I remember many years ago using (proprietary) software from the
University of Liverpool which did a nice job of allowing regions to
be defined, and then for the space to be rotated to obtain visual
inspection of relative distance from different angles. I appreciate
that smacof will not do that, but as long as the analysis allows for
the graph to be plotted and analysed, that's what's important.
You need not rely on the plots provided directly by a given package.
Just roll your own using standard plotting libraries.
Here is just the first Google hit on "R MDS 3D plot"

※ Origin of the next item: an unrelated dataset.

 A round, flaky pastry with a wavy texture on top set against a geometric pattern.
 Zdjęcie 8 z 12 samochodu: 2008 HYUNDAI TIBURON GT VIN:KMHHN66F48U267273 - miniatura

http://omnilogia.blogspot.com/2014/05/basic-2d-3d-multi-dimensional-scaling.html
which shows a rotating 3D plot, colored by a grouping variable. Here
is another:
http://whatzcookinlab.blogspot.com/2013/05/spinning-3d-mds-plot.html
The vegan and ade4 packages also have a variety of plots and related
methods.
-Michael
Thank you again, and to all of those who responded.
Best wishes
Andrew
On 21/09/18 14:07, Michael Friendly wrote:
Smallest space analysis (SSA) is just the name given to software
developed by Guttman & Lingoes around the time the various versions
of multidimensional scaling were being developed. Call it Israeli MDS
or Falafel MDS if you prefer. The reason you encountered it in your
course is presumably that the instructor was trained in that.
There are several variants of MDS-like algorithms for embedding
points representing objects in a space, using data representing
similarities or distances among objects -- metric (cmdscale)
and non-metric (MASS::isoMDS), using only rank order information,
and a variety of
measures of goodness-of-fit ("stress"). I don't recall the details
of the SSA programs, but that should matter little conceptually.
The smacof package offers the widest array of possibilities.
-Michael
On 9/19/2018 7:00 AM, Andrew wrote:
Hi
As part of my forensics psych course, we have been introduced to
Guttman's smallest space analysis (SSA). I want to explore this
approach
using R, but despite finding some queries on the web about this same
thing, have yet to find any answers. The MASS package doesn't seem
to do
the job, and the only thing I have been able to find is some
proprietary
software HUDAP (Hebrew University Data Analysis Package) which
may/ not
be compatible with R (or GNU/Linux for that matter).
Does anyone have information on how to do SSA using R?